Знаете, видеть в глазах женщины настоящую радость — это ведь тоже дорогого стоит. Я был влюблён, как в первый раз в жизни и этот подарок прекрасно дополнял мои чувства, а главное, объяснял, насколько они серьёзны. В качестве подарка, но уже мне, в нём она выходила замуж, и с её стороны был свидетелем Василий Ливанов, который, как лицо творческое, конечно, взял на заметку прелестный образ моей невесты — тихо зарисовал.
— Скажите, Юрий Сергеевич, а в качестве музыкального украшения торжества, у Вас не Гладков играл на аккордеоне?

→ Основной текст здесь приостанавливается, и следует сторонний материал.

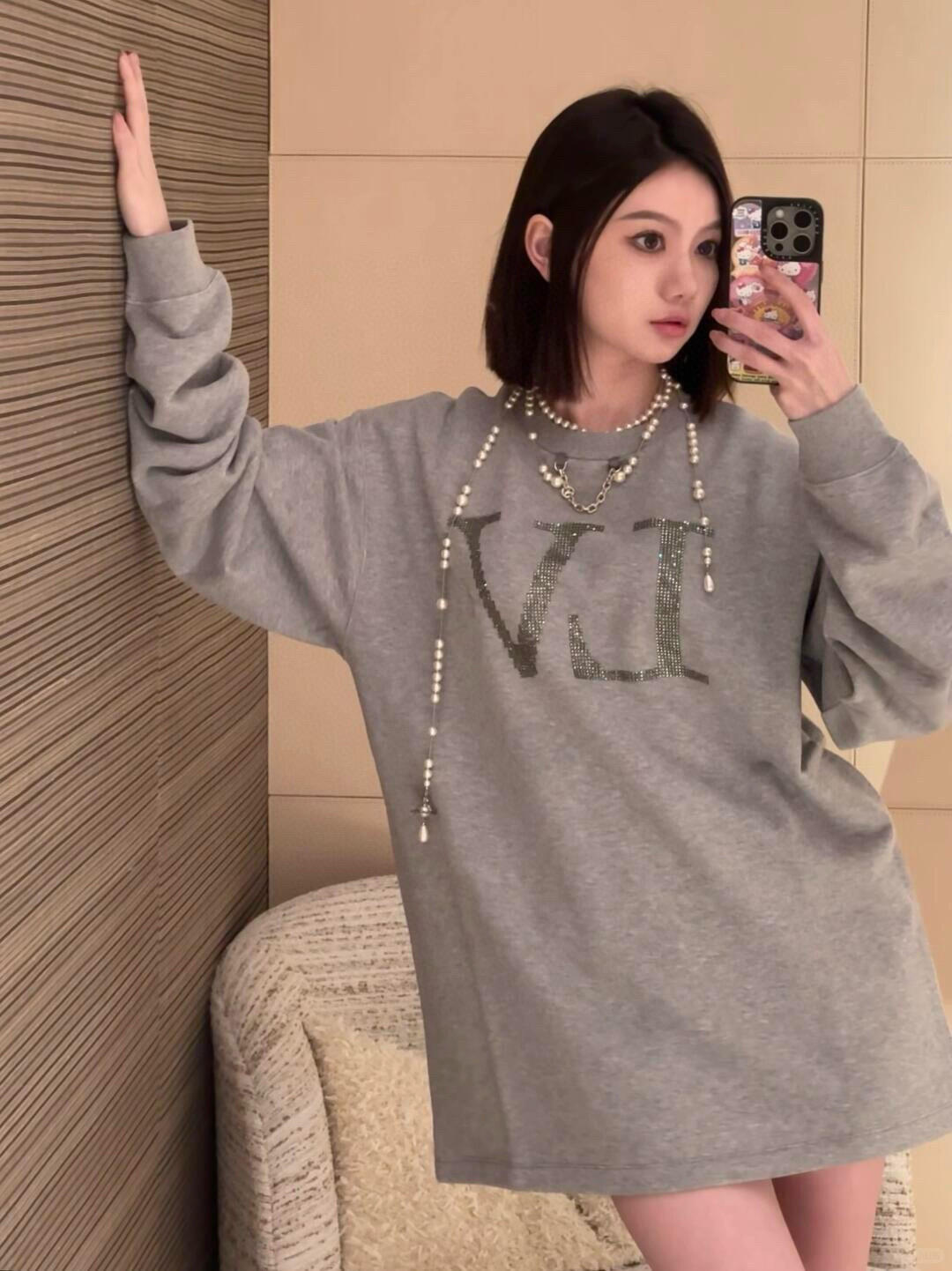 。LOUIS VUITTON 莱茵石烫钻圆领卫衣
面料：380克混纱毛圈面料，面料原版定染定织底部多纱色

— Нет, это было бы чересчур, он был свидетелем с моей стороны и просто весёлым гостем, много танцевал, смешил, был само чувство юмора…
После выхода мультфильма в одном из журналов смело написали: Принцесса — секс-символ страны! Так что, я был женат на секс-символе.
— С чем Вас от души поздравляю! И думаю, ко мне готовы будут присоединиться все, кто прочтёт это интервью. Совета и любви Вам с Мариной Леонидовной ещё на многие годы. Спасибо за прекрасный рассказ о женщине.
— Вам тоже, давно не давал таких больших пресс-конференций.